This is the context in which the Marshall Islands proposed the Majuro Declaration to the Pacific Island Forum Leaders meeting on September 5. The declaration said climate change “is the greatest threat to the livelihoods, security and well-being of the peoples of the Pacific”.

It pointed to the “overwhelming scientific consensus” that carbon pollution is to blame for “the sharp rise in average global temperatures over the past century, the alarming acidification of our oceans, the rapid loss of polar sea-ice, sea level rise, and the striking incidence of more frequent and extreme weather events all over the world.”

The declaration noted that atmospheric concentrations of greenhouse gases had recently passed 400 parts per million, a “historic threshold” that meant “the world [has] entered a new danger zone”.

The 15 governments also confirmed “the responsibility of all to act to urgently reduce and phase down greenhouse gas pollution in order to avert a climate crisis for present and future generations”.

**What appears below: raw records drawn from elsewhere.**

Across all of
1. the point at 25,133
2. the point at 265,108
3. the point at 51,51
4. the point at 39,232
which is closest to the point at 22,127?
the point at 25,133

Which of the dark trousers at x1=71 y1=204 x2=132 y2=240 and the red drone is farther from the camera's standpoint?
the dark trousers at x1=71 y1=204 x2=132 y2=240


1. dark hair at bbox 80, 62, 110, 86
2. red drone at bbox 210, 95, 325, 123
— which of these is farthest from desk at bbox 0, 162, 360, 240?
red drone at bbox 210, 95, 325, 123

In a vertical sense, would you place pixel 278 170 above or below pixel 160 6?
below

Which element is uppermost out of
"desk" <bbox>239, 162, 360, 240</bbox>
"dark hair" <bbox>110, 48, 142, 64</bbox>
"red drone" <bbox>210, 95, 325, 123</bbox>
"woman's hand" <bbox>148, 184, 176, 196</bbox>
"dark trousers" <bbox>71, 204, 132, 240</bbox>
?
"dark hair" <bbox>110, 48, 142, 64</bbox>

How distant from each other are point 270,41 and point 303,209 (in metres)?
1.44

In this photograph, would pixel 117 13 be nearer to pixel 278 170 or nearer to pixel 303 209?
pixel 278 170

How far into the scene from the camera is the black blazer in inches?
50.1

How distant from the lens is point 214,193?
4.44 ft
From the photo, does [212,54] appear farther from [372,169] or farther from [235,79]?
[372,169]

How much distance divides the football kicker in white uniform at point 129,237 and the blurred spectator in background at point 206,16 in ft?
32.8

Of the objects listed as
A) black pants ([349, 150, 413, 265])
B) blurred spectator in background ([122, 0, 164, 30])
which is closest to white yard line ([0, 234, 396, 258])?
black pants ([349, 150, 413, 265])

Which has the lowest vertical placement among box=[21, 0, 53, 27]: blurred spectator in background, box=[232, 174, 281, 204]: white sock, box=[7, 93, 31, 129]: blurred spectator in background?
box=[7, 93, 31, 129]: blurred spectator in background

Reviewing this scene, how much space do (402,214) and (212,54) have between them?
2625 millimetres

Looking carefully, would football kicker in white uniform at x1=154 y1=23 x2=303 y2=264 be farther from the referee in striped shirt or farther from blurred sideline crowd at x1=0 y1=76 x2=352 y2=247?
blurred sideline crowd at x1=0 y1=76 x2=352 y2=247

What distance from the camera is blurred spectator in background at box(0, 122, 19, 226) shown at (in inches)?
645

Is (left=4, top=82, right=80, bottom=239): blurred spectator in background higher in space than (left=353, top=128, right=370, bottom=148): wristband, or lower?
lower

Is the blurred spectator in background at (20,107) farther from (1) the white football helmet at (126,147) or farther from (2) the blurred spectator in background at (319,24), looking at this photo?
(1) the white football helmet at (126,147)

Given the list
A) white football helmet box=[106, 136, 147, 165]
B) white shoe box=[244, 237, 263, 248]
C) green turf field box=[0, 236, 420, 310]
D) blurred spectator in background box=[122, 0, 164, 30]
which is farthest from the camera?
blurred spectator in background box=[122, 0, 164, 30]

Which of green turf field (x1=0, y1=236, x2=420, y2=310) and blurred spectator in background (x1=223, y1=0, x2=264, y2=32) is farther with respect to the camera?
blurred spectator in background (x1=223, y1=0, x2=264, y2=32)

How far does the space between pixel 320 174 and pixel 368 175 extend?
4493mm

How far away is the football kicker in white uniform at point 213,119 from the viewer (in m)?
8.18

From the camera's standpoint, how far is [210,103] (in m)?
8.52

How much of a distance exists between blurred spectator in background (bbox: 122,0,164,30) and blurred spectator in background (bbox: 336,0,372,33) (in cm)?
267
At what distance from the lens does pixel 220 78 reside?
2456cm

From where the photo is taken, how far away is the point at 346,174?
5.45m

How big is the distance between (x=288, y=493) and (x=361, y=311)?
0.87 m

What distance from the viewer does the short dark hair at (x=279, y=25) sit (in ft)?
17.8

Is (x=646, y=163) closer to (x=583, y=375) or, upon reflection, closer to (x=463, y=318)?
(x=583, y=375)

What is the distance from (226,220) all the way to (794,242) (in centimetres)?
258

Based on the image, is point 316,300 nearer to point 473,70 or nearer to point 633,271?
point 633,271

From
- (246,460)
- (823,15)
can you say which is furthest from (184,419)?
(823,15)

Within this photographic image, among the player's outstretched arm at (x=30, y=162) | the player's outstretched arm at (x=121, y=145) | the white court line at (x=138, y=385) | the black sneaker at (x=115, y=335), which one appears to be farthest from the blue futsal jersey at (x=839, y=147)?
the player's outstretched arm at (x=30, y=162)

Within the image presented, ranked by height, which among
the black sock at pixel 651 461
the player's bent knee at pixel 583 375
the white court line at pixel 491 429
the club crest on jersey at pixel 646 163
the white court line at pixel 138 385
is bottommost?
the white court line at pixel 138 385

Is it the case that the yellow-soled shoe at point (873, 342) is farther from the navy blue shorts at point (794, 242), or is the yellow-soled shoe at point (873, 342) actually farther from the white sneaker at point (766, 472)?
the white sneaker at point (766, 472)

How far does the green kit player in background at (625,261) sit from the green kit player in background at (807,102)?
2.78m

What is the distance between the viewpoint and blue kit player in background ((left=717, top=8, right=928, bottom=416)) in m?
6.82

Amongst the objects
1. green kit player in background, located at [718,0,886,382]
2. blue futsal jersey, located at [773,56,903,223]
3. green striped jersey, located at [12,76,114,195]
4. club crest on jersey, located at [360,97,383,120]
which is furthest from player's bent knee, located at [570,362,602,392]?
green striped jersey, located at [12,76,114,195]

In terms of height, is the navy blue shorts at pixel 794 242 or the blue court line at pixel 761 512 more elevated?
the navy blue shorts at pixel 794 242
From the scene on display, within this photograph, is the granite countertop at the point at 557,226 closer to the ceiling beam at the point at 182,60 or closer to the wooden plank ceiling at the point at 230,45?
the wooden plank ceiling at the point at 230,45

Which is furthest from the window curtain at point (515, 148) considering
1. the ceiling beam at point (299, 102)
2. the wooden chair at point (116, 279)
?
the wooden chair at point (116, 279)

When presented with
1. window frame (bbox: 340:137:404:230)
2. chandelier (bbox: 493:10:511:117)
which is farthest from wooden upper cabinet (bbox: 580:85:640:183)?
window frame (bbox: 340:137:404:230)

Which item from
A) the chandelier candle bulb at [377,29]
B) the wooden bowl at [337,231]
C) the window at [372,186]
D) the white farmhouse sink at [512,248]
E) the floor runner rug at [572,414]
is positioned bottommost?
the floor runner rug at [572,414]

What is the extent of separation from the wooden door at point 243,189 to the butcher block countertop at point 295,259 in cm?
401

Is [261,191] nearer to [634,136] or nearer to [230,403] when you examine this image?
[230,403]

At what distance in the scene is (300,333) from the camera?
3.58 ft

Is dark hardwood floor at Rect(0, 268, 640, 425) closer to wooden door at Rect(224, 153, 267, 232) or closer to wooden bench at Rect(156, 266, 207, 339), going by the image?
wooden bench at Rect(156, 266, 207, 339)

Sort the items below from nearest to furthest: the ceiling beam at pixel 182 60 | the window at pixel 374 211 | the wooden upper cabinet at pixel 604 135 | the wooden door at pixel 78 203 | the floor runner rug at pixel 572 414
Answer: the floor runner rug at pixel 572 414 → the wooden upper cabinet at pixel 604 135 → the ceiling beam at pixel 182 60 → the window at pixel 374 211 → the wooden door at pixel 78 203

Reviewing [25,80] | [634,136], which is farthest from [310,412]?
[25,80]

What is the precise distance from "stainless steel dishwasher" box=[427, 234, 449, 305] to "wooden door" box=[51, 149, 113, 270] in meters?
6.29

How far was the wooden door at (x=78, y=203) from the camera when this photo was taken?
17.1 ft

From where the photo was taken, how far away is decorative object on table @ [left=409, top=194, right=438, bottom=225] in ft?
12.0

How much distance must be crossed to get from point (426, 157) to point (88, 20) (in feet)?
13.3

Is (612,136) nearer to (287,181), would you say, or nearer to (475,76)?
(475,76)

Although it voted for the Majuro Declaration, there no sign the Australian government intends to take its commitment seriously. The former Labor government and the new Coalition government share the same low climate ambition — to cut Australia’s emissions by just 5% below 2000 levels by 2020.

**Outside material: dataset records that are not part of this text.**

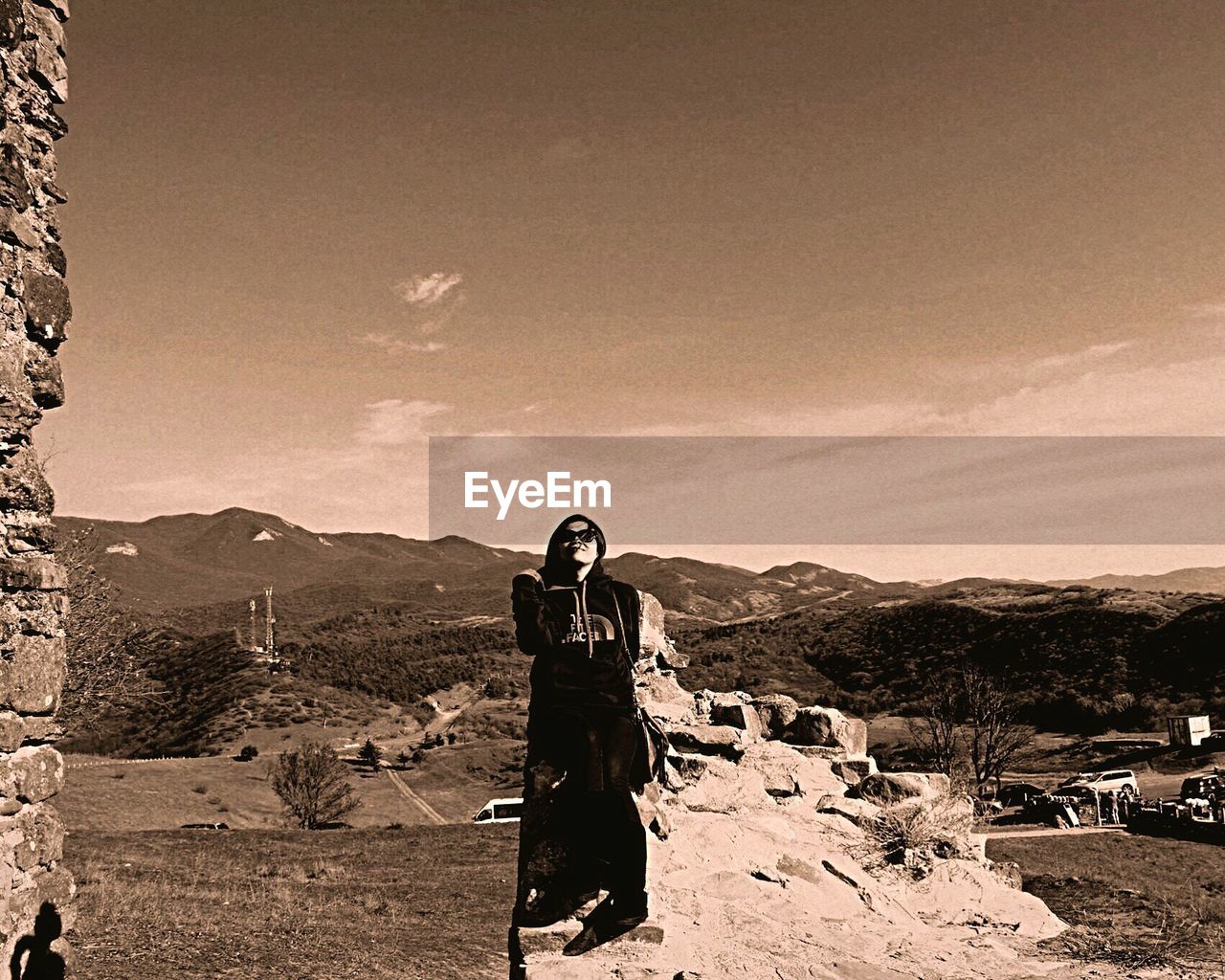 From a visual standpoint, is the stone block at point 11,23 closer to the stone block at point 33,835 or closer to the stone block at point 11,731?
the stone block at point 11,731

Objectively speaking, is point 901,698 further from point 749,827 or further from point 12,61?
point 12,61

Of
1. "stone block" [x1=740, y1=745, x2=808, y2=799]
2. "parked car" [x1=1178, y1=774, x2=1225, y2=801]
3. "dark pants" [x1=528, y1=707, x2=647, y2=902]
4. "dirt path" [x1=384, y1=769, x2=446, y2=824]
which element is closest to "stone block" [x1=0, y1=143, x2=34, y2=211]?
"dark pants" [x1=528, y1=707, x2=647, y2=902]

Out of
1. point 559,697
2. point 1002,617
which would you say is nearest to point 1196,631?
point 1002,617

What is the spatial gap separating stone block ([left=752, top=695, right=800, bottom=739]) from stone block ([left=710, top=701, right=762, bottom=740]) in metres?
0.13

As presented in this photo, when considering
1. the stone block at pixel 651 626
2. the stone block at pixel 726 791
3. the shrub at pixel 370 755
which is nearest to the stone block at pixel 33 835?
the stone block at pixel 726 791

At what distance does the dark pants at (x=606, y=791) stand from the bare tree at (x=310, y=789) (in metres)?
23.3

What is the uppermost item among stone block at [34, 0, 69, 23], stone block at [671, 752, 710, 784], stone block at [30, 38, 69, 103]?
stone block at [34, 0, 69, 23]

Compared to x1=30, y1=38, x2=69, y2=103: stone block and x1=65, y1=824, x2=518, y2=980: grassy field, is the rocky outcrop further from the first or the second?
x1=30, y1=38, x2=69, y2=103: stone block

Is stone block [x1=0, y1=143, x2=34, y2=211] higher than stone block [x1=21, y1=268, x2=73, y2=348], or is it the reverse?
stone block [x1=0, y1=143, x2=34, y2=211]

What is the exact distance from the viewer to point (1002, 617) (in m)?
55.0

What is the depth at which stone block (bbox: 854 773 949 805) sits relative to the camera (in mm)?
7477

Until its election defeat, Labor’s main policy to make the 5% cut was its carbon price scheme. But the scheme was unlikely to achieve even this disastrously small goal because it was to join Europe’s emissions trading scheme, which has all but collapsed and remains mired in crisis.

The Coalition government is also unlikely to meet the 5% target. New Prime Minister Tony Abbott has pledged to scrap the carbon price and give more public subsidies to polluters, supposedly to encourage emissions cuts. Other Coalition climate policies include planting trees and vague promises to capture more carbon in soils.

Before the election, Abbott confirmed that the Coalition’s “direct action” policy may indeed fall short of the 5% target, but he ruled out any more climate spending regardless.

Even if — against the odds — Australia’s tiny 5% by 2020 target was met, it would make little difference. British climate scientist Kevin Anderson says industrialised countries must make emissions cuts of about 10% each year “to even stay within an outside chance of avoiding dangerous climate change”.

Australia may have signed the Majuro Declaration, but it won’t honour it. The climate policy of past and current Australian governments is really a policy for allowing low-lying nations such as the Marshall Islands to be submerged by rising tides.

A new wave of climate leadership will have to be found elsewhere, emerging from the grassroots movements for social change and climate justice.